No podía edificar su casa por sus propios medios, pero con la ayuda de la comunidad hoy tiene una vivienda propia.
Me llamo Daniela y vivo en Villa María, Córdoba. Soy docente, tengo dos hijos y estoy separada. Mis ingresos económicos son escasos; hace unos años empecé a sentir la urgencia de tener mi casa propia, ya que el alquiler empezó a subir de manera muy desproporcionada con respecto a mis ingresos: la cuota era la mitad de mi sueldo. Estoy pagando un terreno desde hace unos años y comencé a orar al Padre sobre mi necesidad de tener una vivienda allí para mis hijos y para mí.
El Señor no tardó en responder. Durante una reunión, cuando les hablé a mis hermanos sobre mi situación, que era conocida por ellos y sostenida, y sobre mis deseos, ¡surgió un impulso comunitario de hacer una casa entre todos para mí! Oramos y el Señor nos dijo: “No es una orden: les doy a conocer el empeño de otros para que demuestren la sinceridad de su amor fraterno (…). Terminen pues esta obra y cumplan, según sus medios, lo que decidieron con tanto entusiasmo (…). No se trata de que otros tengan comodidad y ustedes sufran escasez. Busquen la igualdad, al presente ustedes darán de su abundancia lo que a ellos les falta, y algún día ellos tendrán en abundancia para que a ustedes no les falte” (2 Corintios 8, 8-13). La Palabra nos animó y marcó el camino. Teníamos el deseo ¡pero todavía no sabíamos cómo hacerlo!
Yo no lo podía creer: ¡fui a una reunión sin casa y con peso en el corazón y salí de ella con un hogar propio y feliz! Porque la experiencia de fe era que lo iba a tener: ¡Jesús lo había prometido! Así empezamos la gran aventura comunitaria. Evangelizar los bienes es una gracia que en ese entonces vivíamos entre nosotros: compartíamos alimentos, dinero si no llegábamos a fin de mes y los autos para situaciones de necesidad, entre otras cosas. En el retiro del año 2013 habíamos recibido, como comunidad, una fuerza nueva para amar a los demás en sus necesidades. Entonces, discernimos que íbamos a comprar una casa prefabricada. Sacamos dos créditos y cada hermano, libremente, se comprometió para depositar un dinero fijo por mes durante tres años y sostener estas cuotas mientras que el Señor seguía mostrando con signos que esta era su voluntad. La alegría del compartir se contagió a otros: nuestros amigos, familiares, miembros de otras comunidades de la Obra de Villa María y de otros lugares de Córdoba, al enterarse del proyecto, sentían una gran necesidad de aportar para la “casa de la Dani”, como ellos decían. Los amigos de unos hermanos de comunidad me regalaron el tanque de agua y el soporte para apoyarlo; otros, el termotanque; los albañiles nos cobraron menos; la pintura para la casa la aportó una hermana de Córdoba… Una compañera de trabajo, mis padres y cuñados me ofrecieron dinero y cerámicos ¡y así, entre muchos, se fue armando mi hogar!

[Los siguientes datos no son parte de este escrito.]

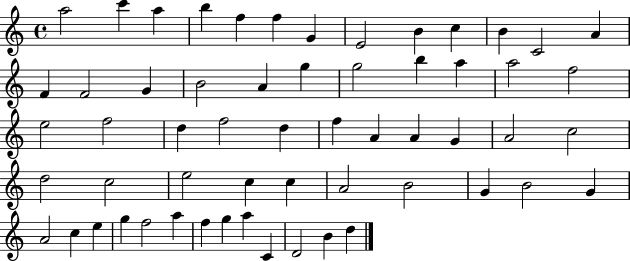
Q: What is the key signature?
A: C major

Sin embargo, como la casa no era “llave en mano”, con los créditos iniciales no nos alcanzaba para terminarla, entonces hicimos un “microemprendimiento comunitario” de pizzas listas para calentar con el cual juntamos fondos para pagar los materiales y la mano de obra. ¡La providencia jamás falló!
La alegría brota de mi corazón por saber que existe una nueva forma de relacionarse con el dinero y las cosas. La “propiedad privada” nos congela el corazón, nos hace pensar solo en nuestra casa, en nuestro auto, en nuestro plasma, pero el Señor nos propone una economía basada en el amor y en el compartir donde apreciamos a los otros como más dignos, donde la alegría está en que el otro esté alegre y todos tengan las mismas posibilidades.
¡Gracias, Señor, por este inmenso gesto de tu amor hacia mí que me dignifica y sana mis heridas! ¡Gracias por mi comunidad y por el carisma de la Obra que, junto con tu gracia, hace posible la vida en el amor!